The negative voltage overshoot caused by the DC-blocking capacitor helped identify peaks with a higher accuracy than using the original positive voltage peak in the case that cells flow through the electrodes in proximity to each other. Therefore, a negative threshold voltage was applied to count the peaks in MATLAB. The video recording of the experiment was compared to the MATLAB results to analyze optical count vs. digital count. Representative is displayed in Fig. 8.

Fig. 8
figure 8

Total optical microscopic count vs. digital system count from 10-minute experiment with human blood cells

Threshold-based automated counting only presented difficulty in identifying a peak when multiple cells flowed between the electrodes at a given time resulting in the overlap of separate peaks. Each occurrence of overlapping caused the digital to optical count ratio to drop. However, due to the unique peak signature from our circuit response due to the DC-blocking capacitor, we expect that multiple peak-fitting algorithms such as those used in XPS analysis31 can be implemented to obtain more accurate counts.

Conclusion

We have developed a wearable microfluidic impedance cytometer on a flexible substrate containing a microfluidic biosensor, analog readout hardware, an analog-to-digital data MCU, BLE transmission, and smartphone data processing. Our platform can count the number of blood cells from a pin-prick blood sample pipetted into the standard microfluidic PDMS chip. However, different types of biomarkers can be counted by replacing the standard PDMS chip with specialized microfluidic chips that isolate a specific biomarker. Interchanging the biosensors on the current version of the platform involves de-soldering and re-soldering jumping cables from the biosensor pads to the board, however this can be ultimately replaced with a more user-friendly plug and play packaging interface. The resulting voltage data can be exported and shared with a medical professional for in-depth analysis and can provide vital information to doctors without significantly disrupting a patient’s daily schedule.

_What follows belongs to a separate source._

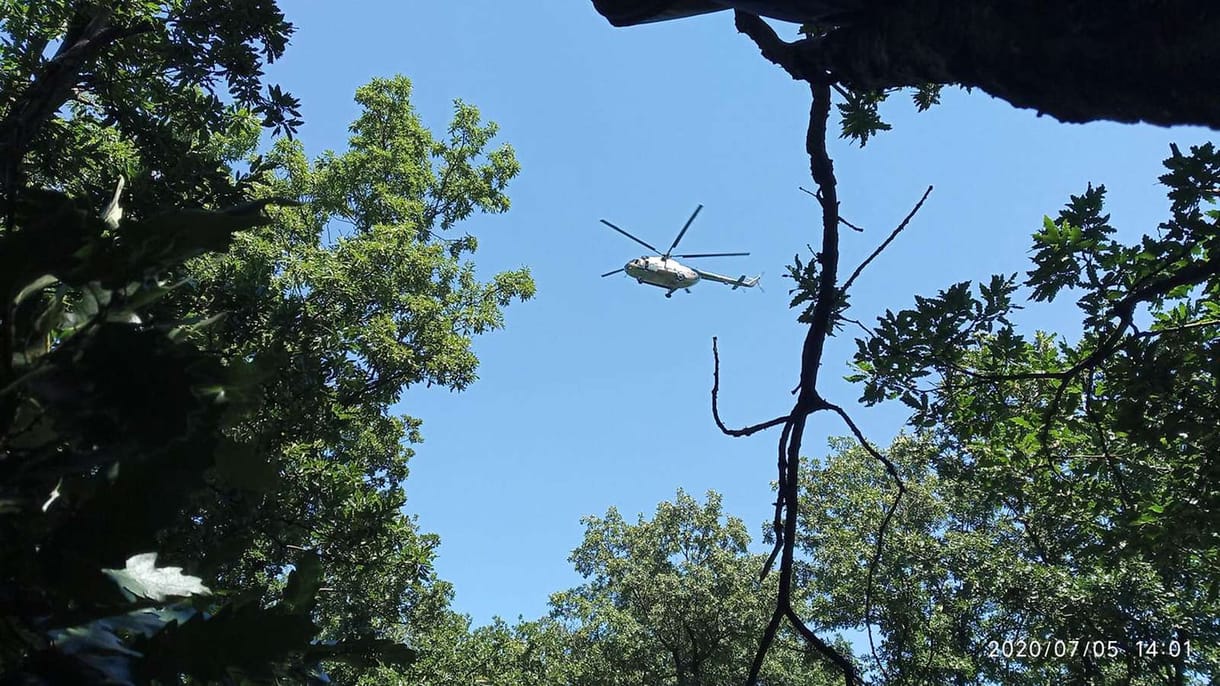 Első fokon 8 hónap felfüggesztett börtönt kapott a helikopterpilóta, aki mentés közben lesodort egy fán akadt siklóernyőst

In future work, we aim to evaluate the robustness of our platform by sampling data as it is being worn during activity, and we will adjust the circuit architecture, biosensor design, and overall packaging to reduce the effects of motion and environmental disturbance. In addition, we would like to demonstrate the versatility of the system by testing across a range of biosensors and biomarkers. Furthermore, studies will be dedicated to incorporating multi-frequency impedance cytometry and data-driven approaches to discriminate between different cell types. Lastly, our current system requires the user to place samples into the microfluidic channel obtained from a pin-prick, which must be performed at intervals and as opposed to continuous and automated blood counting. Therefore, we envision fabricating minimally invasive microneedle or catheter-based impedance sensors continuously sampling venous blood using a wearable cytometry platform for readout. Bio-systems continuously monitoring human health is the key to early disease prediction and could revolutionize how medical professionals provide treatment to their patients.